Chang argues this from an unusual perspective. As a Korean born in 1963, he has lived through a development story of his own. At the time, per capita income in South Korea was just $82, half that of Ghana. The country had been wrecked by the war with North Korea, losing half its industry and three quarters of its railways. It exported fish, tungsten, and wigs, and was considered a lost cause by the development agencies. By 1981 however, an aggressive development drive had raised per capita wages to $1,000. With an economy based on electronics and manufacturing, South Korea is now one of the world’s richest countries. “How privileged I was as a development economist” writes Chang, “to have lived through such a change.”
Having seen it first hand, Chang knows how a country can succeed, the kinds of policies it needs to nurture its industries and open to the global markets. Korea protected its young industries fiercely by imposing high tariffs on imports. State-run businesses and subsidies allowed manufacturing to develop without the pressure to return immediate profits. Tight controls were placed on foreign exchange.
The point of the book is that ideology has overtaken history, and those policies that worked for Korea are now forbidden. Protectionism is frowned on by the global community and its institutions, the IMF and the World Bank, but it is essential for early stages of development. In fact, “practically all of today’s developed countries, including Britain and the US, the supposed homes of the free market and free trade, have become rich on the basis of policy recipes that go against neo-liberal economics.”

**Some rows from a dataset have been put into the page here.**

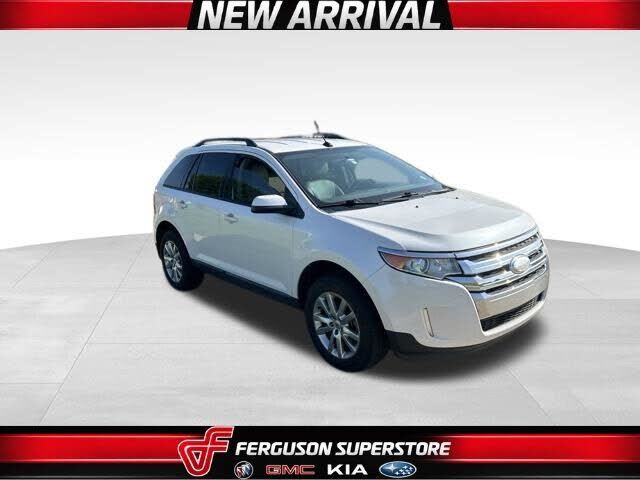 2014 FORD Edge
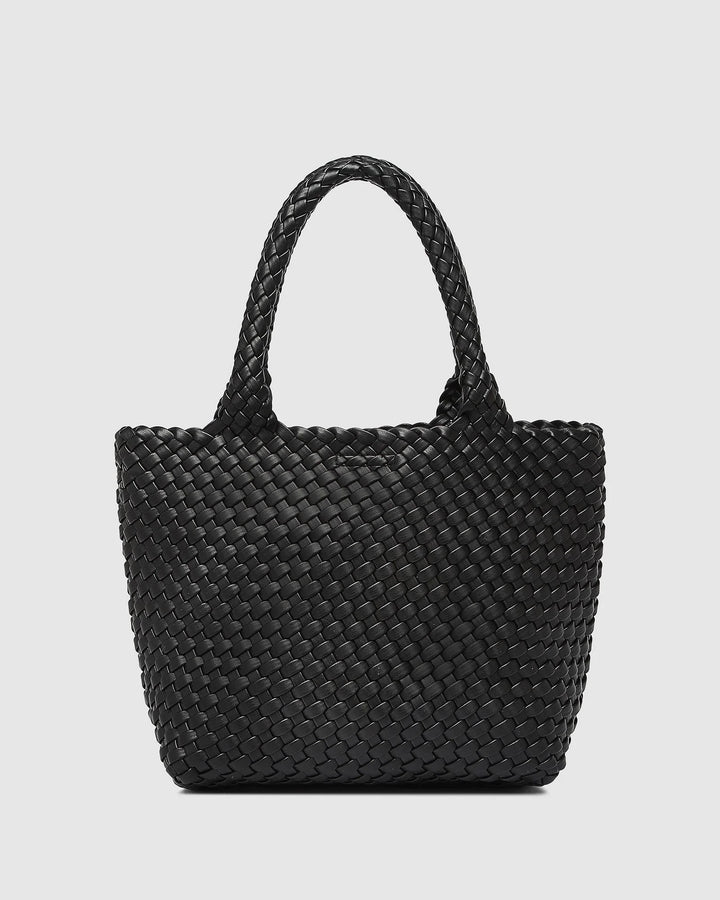 Louenhide Black Baby Cruiser Tote Bag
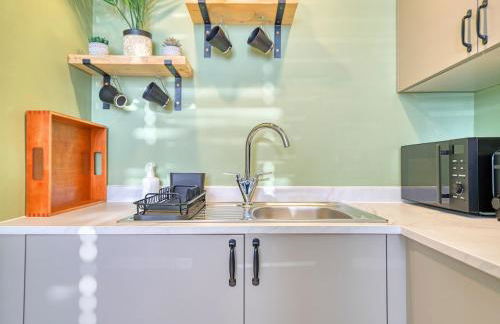 3-Bed Flat Free Parking 10 Mins to City Centre - Foto 15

The result is a book that overturns a whole series of assumptions about neo-liberalism, with a mixture of history and economic theory. Privatization for example, is a key policy demand of the IMF, but Chang points to a string of highly successful state owned businesses, like Singapore Airlines. Other many big businesses that were originally nationalised to give them a head start – like Renault. Plenty more private businesses have been taken under state control temporarily, banks most recently. The point is, state ownership allows countries to develop industries that otherwise wouldn’t get a chance. A striking example is EMBRAER. Nobody would have taken a Brazilian aircraft manufacturer seriously – stick the the beef and timber – but EMBRAER is the world’s third largest aircraft company, built by the government and then privatised when it was ready. “The general lesson is clear” says Chang. “Public enterprises have often been set up in order to kick-start capitalism, not to supersede it, as it is commonly believed.”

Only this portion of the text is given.